━━━━━ INPUT ━━━━━

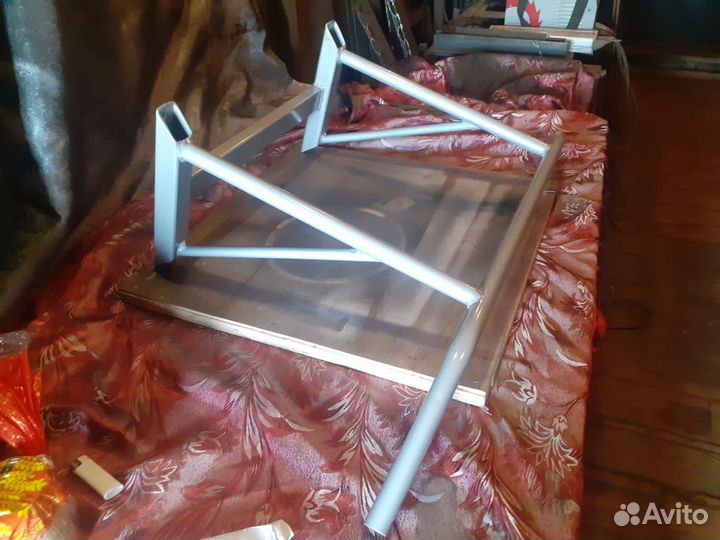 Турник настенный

━━━━━
━━━━━ INPUT ━━━━━

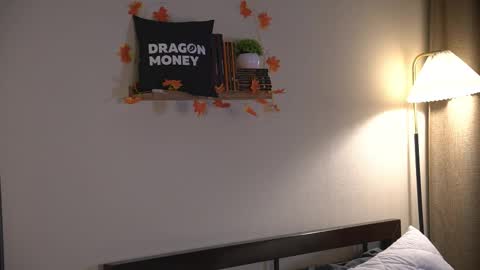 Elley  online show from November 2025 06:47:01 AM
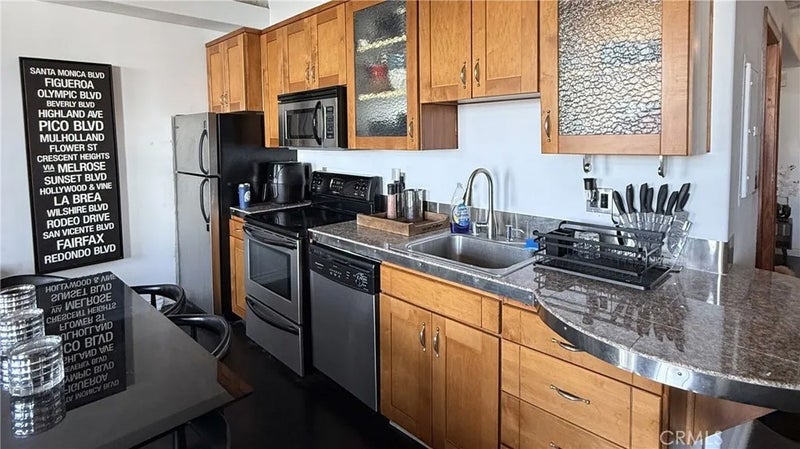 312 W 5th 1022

━━━━━

• [TO DO]: Set down, exactly as written above, each line from the one with "2025 06:47:01 AM" through the one with "312 W 5th 1022", and skip the pictures.

• [EXERCISE RESPONSE]:
 Elley  online show from November 2025 06:47:01 AM
 312 W 5th 1022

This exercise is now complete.